Friday, September 23, 2011

"Danger Ruts"

Well, it has been almost exactly one month since Irene annihilated our great State of Vermont. Recovery is quick in some views and painfully slow in other views.  The road crews have been tremendous in working sun up to sun down 7 days a week.  Many roads are still closed around here, but new openings occur every week. The drive to and from Ludlow to Reading (and such parts) goes on beautiful back roads.  There is this funny place on one of the roads where a dip or rut is. To provide caution to local drivers, someone was kind enough to put signs up in each direction warning of the rut.  I guess whoever created the signs had a dearth of materials though.  Red spray paint on a small cardboard box makes for a somewhat comical warning.
Can't help but wonder how long this sign will hold up
I've been able to do a little climbing in the past month.  Feel sort of guilty leaving the town behind with so much more homes to cleanup.  But we keep checking in and offering to help where and when we can. There is a good email system letting folks know who needs help and when.

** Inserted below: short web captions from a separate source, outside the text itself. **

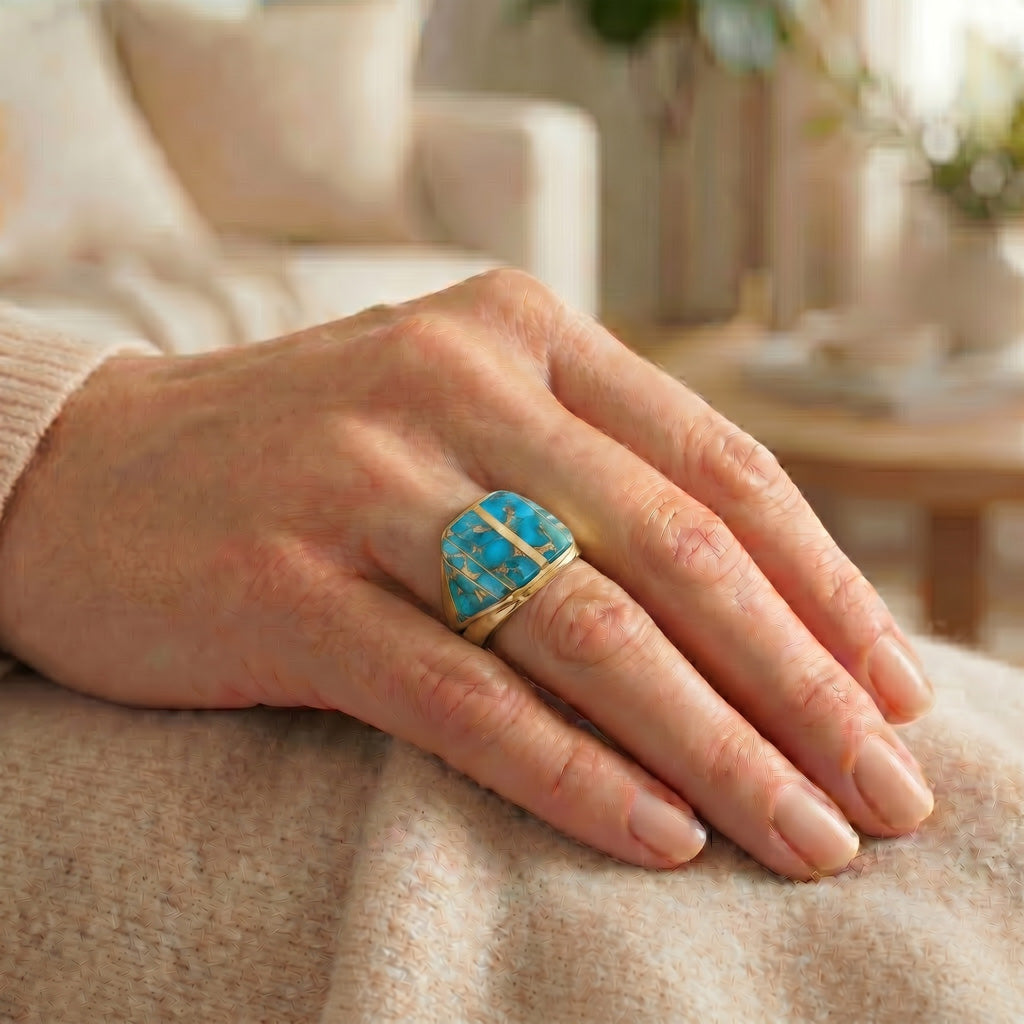 Matrix Turquoise Ring GoldCopper™ R2613-GB-C84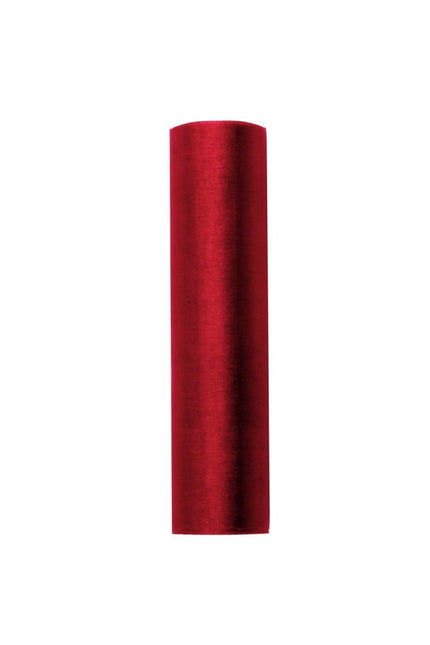 Rode Organza Stof 16cm 9m van Partydeco koop je bij Partywinkel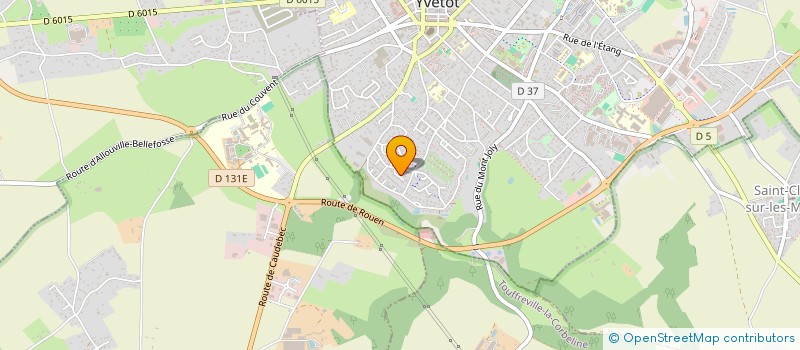 localisation de l'entreprise MONSIEUR FABRICE DUVAL  HAUTOT-LE-VATOIS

Annie and I made it over to Poke-O-Moonshine in the Adirondacks and climbed all pitches of the classic Gamesmanship.  We had done this route 4 years ago and I got spanked on the fourth pitch.  I figured this time with much better weather conditions and improved skills it wouldn't present a problem. I was wrong. The 4th pitch is a beautiful "hand crack" (translates to "off-fists" for me).  It is rated only 5.7+ compared to the first pitch crux rating of 5.8+.  I had to French Free the damned thing to keep from pumping out and falling off!  The first pitch is long and sustained, but in my opinion not nearly as hard as Pitch 4.  The crack presents itself to me like this: when the hands get more secure the feet are terrible - when the feet get more secure (read "painful") the hands are lousy (way too wide). Makes for some interesting and strenuous climbing.  There are no face features to bail you out - it is pure jamming, so if your appendages don't fit the crack, get ready to grunt!  This is another typical example of a climb being rated by men with large hands. I am sure it is 5.7+ for Mr. Big Hands!  Pitch 1 was more my style and great fun.

Anyhoo, the ride over there is darned nice if you break it up with a ferry ride.  Here is a short video on the "approach" to Poke-O.

Now it's raining again, but it should subside enough to get on some rock before the end of the day Sunday.  I had an AMC trip to co-lead on Whitehorse which was postponed to Sunday...looks like I won't be needed since the trip is no longer filled due to weather regrets. So Annie and I will hope to get on some cracks up there on Whitehorse or Cathedral.